Search code examples
rfunctiondataframetypesassign

Is it possible to keep the datatype while using assign inside a function in r?


My first post here so please tell me if I'm missing any important information.

I am handling a lot of data in form of time(1:30=rowID) vs value all stored in a number of dataframes and I need to keep it as a data.frame. I wrote a function that gets dataframes from my global environment and sorts the columns in each set into new data frames depending on their values.

So I start with a list of names of my data frames as input for my function and then end with assigning the created new dataframes to my global environment while using the assign function. The dataframes I get all are 30 rows long, but have different column length depending on how often a case appears in a dataset.

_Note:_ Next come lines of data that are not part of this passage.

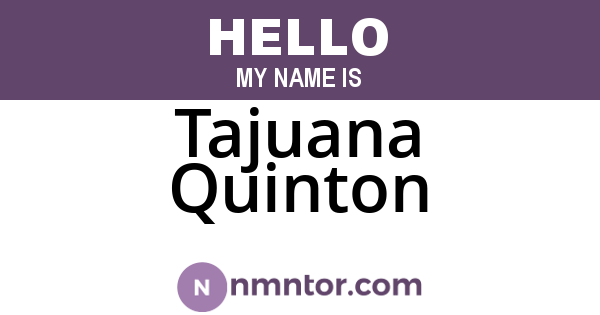 Tajuana Quinton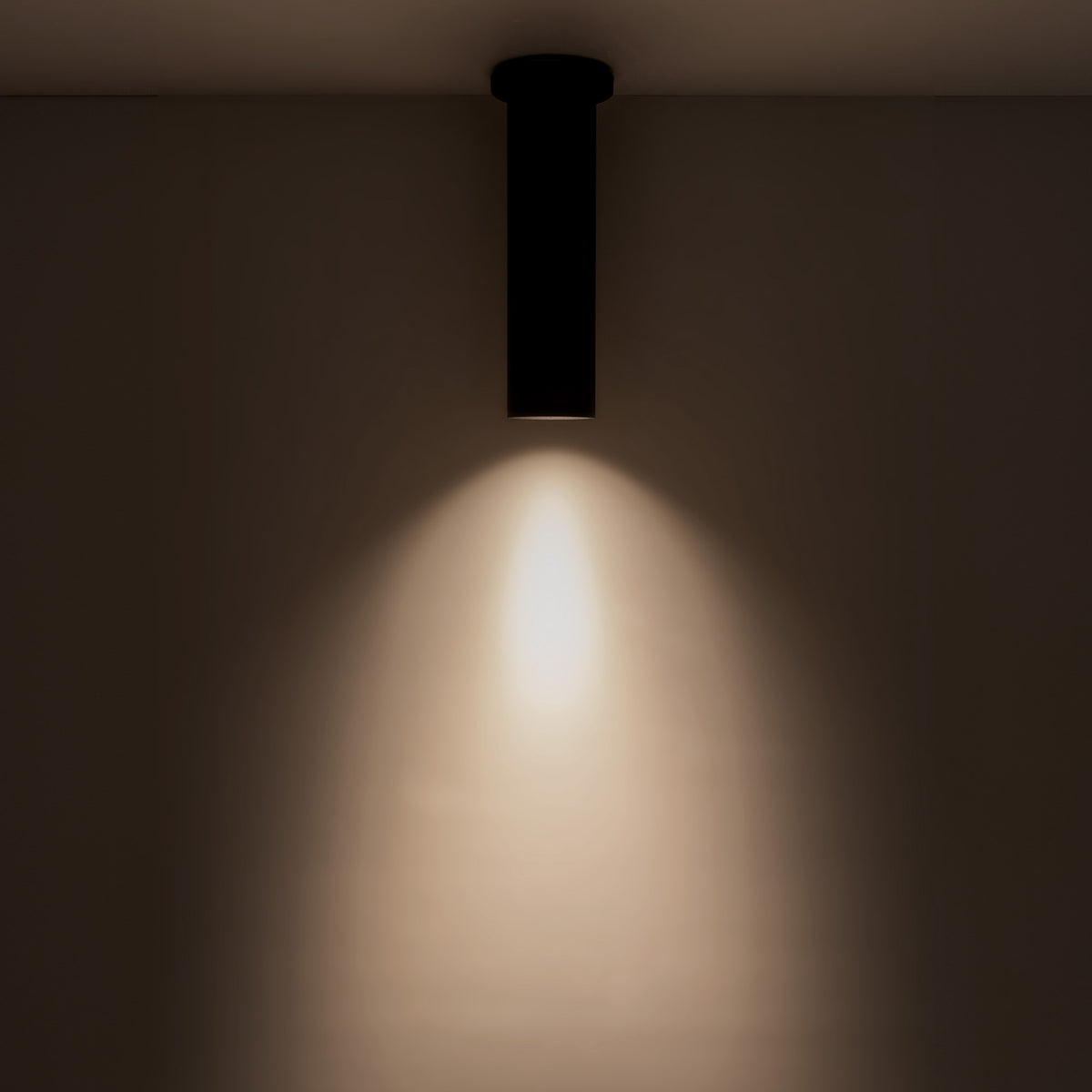 Lorna 12-in (3-in Dia.) 36 Degree Optic Black LED Ceiling Mount by KUZCO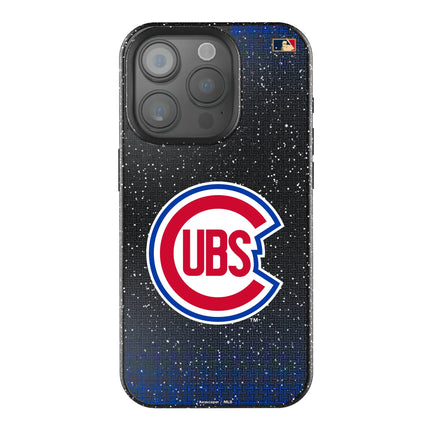 Chicago Cubs 1948-1956 - Cooperstown Collection Linen Black Bling Phone Case for Apple iPhone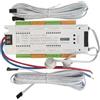 PRATYAHARA Kit di Controller di Luce Scala Sensore di Movimento LED per Illuminazione Scala Automatica a 32 Canali per Striscia Flessibile Scala 12 V 24 V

The names of each dataframe represent one data set and the column names inside represent one timeline. I use data frames, so I don't loose the information of the column name.

This works for having 0 cases and everything above 1. But if a data.frame ends up with only one column and I use the assign function it appears as a vector in my global environment instead of a data frame. Therefore I loose the name of the column and my other functions that only use data frames stop at such a case and throw errors.

Here is a basic example of my problem:

#create two datasets with different cases
data1 <- data.frame(matrix(nrow=30, ncol=5))
data1[1] <- c(rep(1,each=30))
data1[2] <- c(rep(5, each=30))
data1[3] <- c(rep(5, each=30))
data1[4] <- c(rep(10, each=30))
data1[5] <- c(rep(10, each=30))

data2 <- data.frame(matrix(nrow=30, ncol=6))
data2[1] <- c(rep(5,each=30))
data2[2] <- c(rep(1, each=30))
data2[3] <- c(rep(1, each=30))
data2[4] <- c(rep(0, each=30))
data2[5] <- c(rep(0, each=30))
data2[6] <- c(rep(10, each=30))

#create list with names of datasets
names <- c('data1','data2')

#function for sorting
examplefunction <- function(VarNames) {
  for (i in 1:length(VarNames)) {
    #get current dataset
    name <- VarNames[i]
    data <- get(VarNames[i])

    #create new empty data.frames for sorting
    data.0 <- data.frame(matrix(nrow=30))
    name.data.0 <- paste(name,"0", sep=".")
    c.0 = 2 #start at second column, since first doesn't like the colname later
    data.1 <- data.frame(matrix(nrow=30))
    name.data.1 <- paste(name,"1", sep=".")
    c.1 = 2
    data.5 <- data.frame(matrix(nrow=30))
    name.data.5 <- paste(name,"5", sep=".")
    c.5 = 2
    data.10 <- data.frame(matrix(nrow=30))
    name.data.10 <- paste(name,"10", sep=".")
    c.10 = 2

    #sort data into new different data.frames
    for (c in 1:ncol(data)) {

      if(data[1,c]==0) {
        data.0[c.0] = data[c]
        c.0 = c.0 +1
      }
      else if(data[1,c]==1) {
        data.1[c.1] = data[c]
        c.1 = c.1 +1
      }
      else if(data[1,c]==5) {
        data.5[c.5] = data[c]
        c.5 = c.5 +1
      }
      else if(data[1,c]==10) {
        data.10[c.10] = data[c]
        c.10 = c.10 +1
      }
      else (stop="new values")
    }

    #remove first column with weird name
    data.0 <- data.0[,-1] 
    data.1 <- data.1[,-1] 
    data.5 <- data.5[,-1] 
    data.10 <- data.10[,-1] 

    #assign data frames to global environment
    assign(name.data.0, data.0, envir = .GlobalEnv)
    assign(name.data.1, data.1, envir = .GlobalEnv)
    assign(name.data.5, data.5, envir = .GlobalEnv)
    assign(name.data.10, data.10, envir = .GlobalEnv)

  }
}

#function call
examplefunction(names)

As explained before, if you run this you will end up with data frames of 0 variables and >1 variables. And three vectors, where the data frame had only one column.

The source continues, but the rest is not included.